- Born: Arlissa Joann Ruppert 21 September 1992 (age 33) Hanau, Hesse, Germany
- Origin: United Kingdom
- Genres: Pop; soul;
- Occupations: Singer, songwriter
- Years active: 2012–present
- Label: Earth Angel Records
- Website: arlissa.os.fan

= Arlissa =

British singer-songwriter (born 1992)

Arlissa Joann Ruppert (/de/; born 21 September 1992), known professionally as Arlissa, is a German-born British singer and songwriter.

==Life and career==

Arlissa Ruppert, known professionally as Arlissa, is a German-born, London-raised singer and songwriter, recognized for her emotionally charged and soulful music. Her mother is an American from Louisiana who served in the U.S. Army in Germany, and her German father provided her with a rich cultural background that influences her work.

Arlissa's music career took off with her debut track "Hard to Love Somebody", which caught the attention of a publisher who passed it along to rapper Nas.

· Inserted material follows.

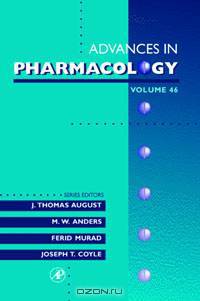 Advances in Pharmacology,46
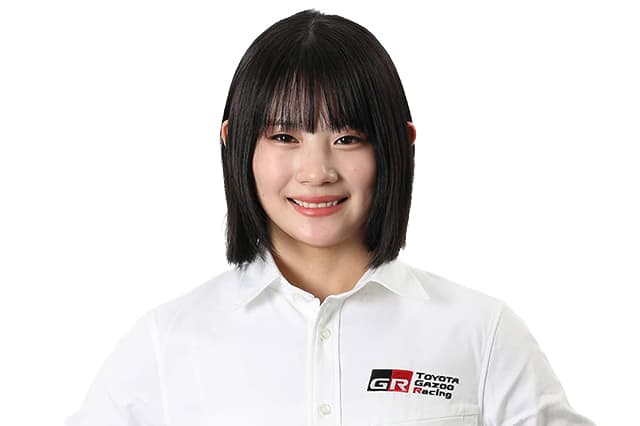 富下 李央菜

Nas was impressed and featured on the track, which became Scott Mills' Record of the Week on BBC Radio 1 in November 2012. Arlissa was subsequently named one of the BBC's artists to watch for 2013, making the longlist for the Sound of 2013.

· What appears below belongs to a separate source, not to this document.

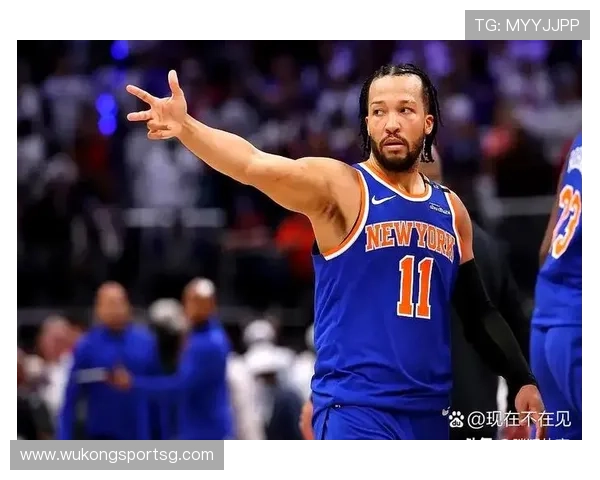 布伦森挡拆终结打出更高效，差异于库里以无球牵制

Her first official single, "Sticks & Stones", released on 3 March 2013, was described as a "stomping break-up anthem". The song reached number 48 on the UK Singles Chart. In 2017, Nelly Furtado covered "Sticks and Stones" for her sixth studio album, The Ride.

In addition to her solo work, Arlissa has made significant contributions as a songwriter. She co-wrote K-pop group BTS's hit single "Spring Day", which topped the Gaon Digital Chart and surpassed 2,500,000 downloads. The song also won 'Song of the Year' at the 2017 Melon Music Awards.

In January 2018, she collaborated with British DJ/producer Jonas Blue on an EDM version of her song "Hearts Ain't Gonna Lie". In March 2018, Arlissa was selected as Elvis Duran's Artist of the Month and performed a live acoustic version of her single on NBC's Today Show.

Arlissa also contributed to the soundtrack of the 2018 film The Hate U Give, based on the novel by Angie Thomas. She co-wrote and performed the track "We Won't Move" which she performed at the film's international premiere at the 2018 Toronto Film Festival.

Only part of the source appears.